The pitch is that PaaS is going to make your life easier and simplify your app decision choices. By putting it all behind the famous ‘single pane of glass’ control, you’re more inclined to stick with them—and pay their fees and sign their long-term contracts.
There is a real danger that you end up trapped by uncompetitive, expensive, or proprietary services that in practice aren’t that different from The Bad Old (pre-cloud) Days. If you decide to go from AWS to Azure, or vice versa, it will not be just a case of lift and shift; there will be complexity and cost involved in moving.
Avoiding moving in the first place by judicious initial placement of your business app ‘eggs’ gives you the data sovereignty, avoidance of concentration risk, and flexibility that the cloud is, and always should be, about. But, there is a final restriction here that may hinder your ability to be a truly agile multi-cloud player; your database.
What I mean here is that, today, nearly all cloud services are horizontal. Take Kubernetes for example. This is a fantastic open source containerisation solution that many developers see as their go-to system, no matter what cloud they’re working in. It makes it simple to develop, test, deploy, extend, and scale your app.
How to get the true cloud independence that multi-cloud requires
The database is the cloud’s hidden problem. You can’t just pick up your database from one cloud and run it on another. Well, if it is the engine for a simple process, you probably could, and could hack it with NoSQL—but very soon, you’d have issues around transactional consistency and challenges with scaling.
The only databases that are open to multi-cloud and can help with cloud migration easily have many limitations. This means you default to Cloud Service Provider X’s solution, locking you in and throwing away any benefits.
The problem the market faces is that cloud-native transactional databases just haven’t developed at the same pace as other technology. There hasn’t been a Kubernetes equivalent for data. Neither NoSQL databases or monolithic SQL databases will deliver the true cloud independence that multi-cloud requires for your operational use cases.
Even in 2022 there are still issues with many databases, especially when you need transactional consistency.

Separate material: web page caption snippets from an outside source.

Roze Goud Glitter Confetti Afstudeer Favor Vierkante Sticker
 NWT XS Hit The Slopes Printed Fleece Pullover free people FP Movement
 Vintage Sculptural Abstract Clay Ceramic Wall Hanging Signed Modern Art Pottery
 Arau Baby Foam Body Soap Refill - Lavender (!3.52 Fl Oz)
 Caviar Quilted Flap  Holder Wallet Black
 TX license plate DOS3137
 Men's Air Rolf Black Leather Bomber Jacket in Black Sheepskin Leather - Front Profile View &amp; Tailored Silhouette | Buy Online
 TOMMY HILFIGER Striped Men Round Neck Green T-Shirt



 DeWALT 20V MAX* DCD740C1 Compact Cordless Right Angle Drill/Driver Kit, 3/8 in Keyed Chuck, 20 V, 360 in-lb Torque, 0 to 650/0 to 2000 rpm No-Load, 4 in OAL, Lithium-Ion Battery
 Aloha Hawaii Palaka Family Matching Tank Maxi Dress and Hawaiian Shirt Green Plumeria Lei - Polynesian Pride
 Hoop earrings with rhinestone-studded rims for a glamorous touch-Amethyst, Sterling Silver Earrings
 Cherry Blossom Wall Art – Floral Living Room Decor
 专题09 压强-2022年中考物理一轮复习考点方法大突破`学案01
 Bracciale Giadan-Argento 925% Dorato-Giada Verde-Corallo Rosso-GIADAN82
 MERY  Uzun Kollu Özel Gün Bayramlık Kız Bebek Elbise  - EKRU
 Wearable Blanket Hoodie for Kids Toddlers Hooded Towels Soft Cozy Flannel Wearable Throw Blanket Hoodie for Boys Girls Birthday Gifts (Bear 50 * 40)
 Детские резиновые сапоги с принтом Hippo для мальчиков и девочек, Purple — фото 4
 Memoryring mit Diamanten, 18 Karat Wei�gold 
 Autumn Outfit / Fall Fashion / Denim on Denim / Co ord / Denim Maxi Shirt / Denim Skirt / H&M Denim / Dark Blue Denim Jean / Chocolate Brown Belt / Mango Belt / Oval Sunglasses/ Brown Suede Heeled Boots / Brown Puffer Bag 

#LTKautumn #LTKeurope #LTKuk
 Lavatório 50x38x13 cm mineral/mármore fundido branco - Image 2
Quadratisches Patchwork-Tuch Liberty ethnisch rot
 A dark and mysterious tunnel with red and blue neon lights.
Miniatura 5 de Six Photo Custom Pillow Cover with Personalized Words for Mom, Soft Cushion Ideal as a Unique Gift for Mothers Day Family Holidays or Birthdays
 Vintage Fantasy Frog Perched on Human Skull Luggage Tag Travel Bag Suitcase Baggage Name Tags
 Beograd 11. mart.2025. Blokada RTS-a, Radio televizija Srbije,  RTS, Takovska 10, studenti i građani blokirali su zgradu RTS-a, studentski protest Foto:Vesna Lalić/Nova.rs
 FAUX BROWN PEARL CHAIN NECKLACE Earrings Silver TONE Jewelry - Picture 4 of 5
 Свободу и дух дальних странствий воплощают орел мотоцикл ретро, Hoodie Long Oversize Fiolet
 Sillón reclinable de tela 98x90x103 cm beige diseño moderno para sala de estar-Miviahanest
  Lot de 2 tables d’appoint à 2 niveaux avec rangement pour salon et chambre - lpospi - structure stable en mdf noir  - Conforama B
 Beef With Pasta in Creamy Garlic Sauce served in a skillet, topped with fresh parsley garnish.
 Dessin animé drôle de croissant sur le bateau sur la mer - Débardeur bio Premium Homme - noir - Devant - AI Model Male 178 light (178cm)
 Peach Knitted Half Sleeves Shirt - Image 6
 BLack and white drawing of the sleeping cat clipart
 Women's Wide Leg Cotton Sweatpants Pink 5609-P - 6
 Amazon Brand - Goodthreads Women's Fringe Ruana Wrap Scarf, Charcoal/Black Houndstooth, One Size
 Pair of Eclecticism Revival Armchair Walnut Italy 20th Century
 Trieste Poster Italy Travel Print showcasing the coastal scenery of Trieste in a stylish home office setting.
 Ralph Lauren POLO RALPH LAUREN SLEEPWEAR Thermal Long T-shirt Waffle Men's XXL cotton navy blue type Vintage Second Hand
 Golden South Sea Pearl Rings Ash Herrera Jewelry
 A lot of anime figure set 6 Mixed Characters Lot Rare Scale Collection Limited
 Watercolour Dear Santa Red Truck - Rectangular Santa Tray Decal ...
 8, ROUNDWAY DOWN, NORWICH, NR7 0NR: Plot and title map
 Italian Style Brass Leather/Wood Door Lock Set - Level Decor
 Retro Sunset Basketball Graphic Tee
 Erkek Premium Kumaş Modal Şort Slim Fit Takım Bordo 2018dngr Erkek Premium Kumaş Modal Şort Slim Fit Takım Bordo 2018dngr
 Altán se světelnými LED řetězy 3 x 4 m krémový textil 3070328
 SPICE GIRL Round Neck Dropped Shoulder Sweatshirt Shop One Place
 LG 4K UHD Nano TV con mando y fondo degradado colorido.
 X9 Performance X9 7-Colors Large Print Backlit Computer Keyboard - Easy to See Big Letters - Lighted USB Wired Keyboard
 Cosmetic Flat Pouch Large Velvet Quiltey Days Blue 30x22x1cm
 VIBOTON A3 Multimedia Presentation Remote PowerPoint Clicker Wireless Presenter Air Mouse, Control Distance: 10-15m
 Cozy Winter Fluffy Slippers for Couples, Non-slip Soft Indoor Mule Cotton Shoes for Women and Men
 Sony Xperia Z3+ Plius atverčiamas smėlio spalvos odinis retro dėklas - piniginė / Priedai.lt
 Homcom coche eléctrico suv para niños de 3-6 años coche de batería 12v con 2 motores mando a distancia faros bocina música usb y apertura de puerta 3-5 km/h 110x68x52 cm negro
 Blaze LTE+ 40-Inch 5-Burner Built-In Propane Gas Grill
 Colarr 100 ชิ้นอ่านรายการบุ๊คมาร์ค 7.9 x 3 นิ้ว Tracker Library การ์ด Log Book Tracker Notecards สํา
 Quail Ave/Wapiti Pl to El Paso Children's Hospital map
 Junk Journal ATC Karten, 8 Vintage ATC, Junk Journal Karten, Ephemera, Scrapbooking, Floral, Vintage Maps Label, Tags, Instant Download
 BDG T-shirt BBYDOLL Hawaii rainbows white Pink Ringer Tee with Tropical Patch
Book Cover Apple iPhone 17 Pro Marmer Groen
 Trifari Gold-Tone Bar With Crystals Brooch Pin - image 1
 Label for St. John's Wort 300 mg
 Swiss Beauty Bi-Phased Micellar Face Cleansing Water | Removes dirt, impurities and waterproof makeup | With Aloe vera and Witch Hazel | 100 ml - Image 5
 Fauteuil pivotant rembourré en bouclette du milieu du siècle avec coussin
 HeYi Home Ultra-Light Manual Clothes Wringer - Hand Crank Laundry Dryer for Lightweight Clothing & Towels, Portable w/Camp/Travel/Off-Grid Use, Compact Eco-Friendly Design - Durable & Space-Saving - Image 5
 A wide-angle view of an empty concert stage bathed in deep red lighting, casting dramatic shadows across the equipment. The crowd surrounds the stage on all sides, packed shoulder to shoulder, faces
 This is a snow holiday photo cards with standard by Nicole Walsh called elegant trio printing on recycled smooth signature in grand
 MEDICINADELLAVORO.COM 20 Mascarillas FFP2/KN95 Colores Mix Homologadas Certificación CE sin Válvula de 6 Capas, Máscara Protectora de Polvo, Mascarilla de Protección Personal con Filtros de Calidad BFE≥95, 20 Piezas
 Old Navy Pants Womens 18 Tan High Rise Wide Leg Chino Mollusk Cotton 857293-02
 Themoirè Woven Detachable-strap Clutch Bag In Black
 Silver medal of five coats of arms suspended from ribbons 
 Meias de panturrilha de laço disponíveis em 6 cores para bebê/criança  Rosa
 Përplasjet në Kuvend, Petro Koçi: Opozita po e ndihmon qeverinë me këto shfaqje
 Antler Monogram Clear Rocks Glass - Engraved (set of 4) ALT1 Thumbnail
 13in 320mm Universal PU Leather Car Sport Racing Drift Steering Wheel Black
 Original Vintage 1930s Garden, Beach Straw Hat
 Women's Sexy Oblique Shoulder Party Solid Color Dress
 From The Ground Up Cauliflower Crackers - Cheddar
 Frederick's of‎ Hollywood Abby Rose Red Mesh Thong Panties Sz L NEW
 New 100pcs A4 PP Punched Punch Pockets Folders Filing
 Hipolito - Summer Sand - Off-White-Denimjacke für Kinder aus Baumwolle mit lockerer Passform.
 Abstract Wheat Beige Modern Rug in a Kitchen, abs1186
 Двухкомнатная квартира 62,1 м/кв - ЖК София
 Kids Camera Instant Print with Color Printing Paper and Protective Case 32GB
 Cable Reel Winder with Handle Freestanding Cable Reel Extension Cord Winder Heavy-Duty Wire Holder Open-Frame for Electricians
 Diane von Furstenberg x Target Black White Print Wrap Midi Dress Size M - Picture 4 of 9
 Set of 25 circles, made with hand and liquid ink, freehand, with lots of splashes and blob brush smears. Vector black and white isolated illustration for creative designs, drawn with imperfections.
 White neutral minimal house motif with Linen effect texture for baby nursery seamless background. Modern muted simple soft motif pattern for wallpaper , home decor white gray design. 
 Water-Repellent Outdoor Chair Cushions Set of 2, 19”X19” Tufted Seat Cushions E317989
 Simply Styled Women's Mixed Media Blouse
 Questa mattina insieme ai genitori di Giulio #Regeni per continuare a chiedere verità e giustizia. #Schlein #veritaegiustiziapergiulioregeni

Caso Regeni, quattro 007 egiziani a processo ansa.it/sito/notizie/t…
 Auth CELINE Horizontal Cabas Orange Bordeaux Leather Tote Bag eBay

While there are various things that you can try and fudge around, the only real way to make multi-cloud multi-databases work is by using something like open source distributed SQL. A prime example of this database is my company’s approach to tackling this problem, YugabyteDB.
To sum up, Gartner recognises that the dynamism of the cloud market should be welcomed, but it should also act as a reminder that multi-cloud can’t fully succeed until that last frontier of the cloud—database—is properly catered for.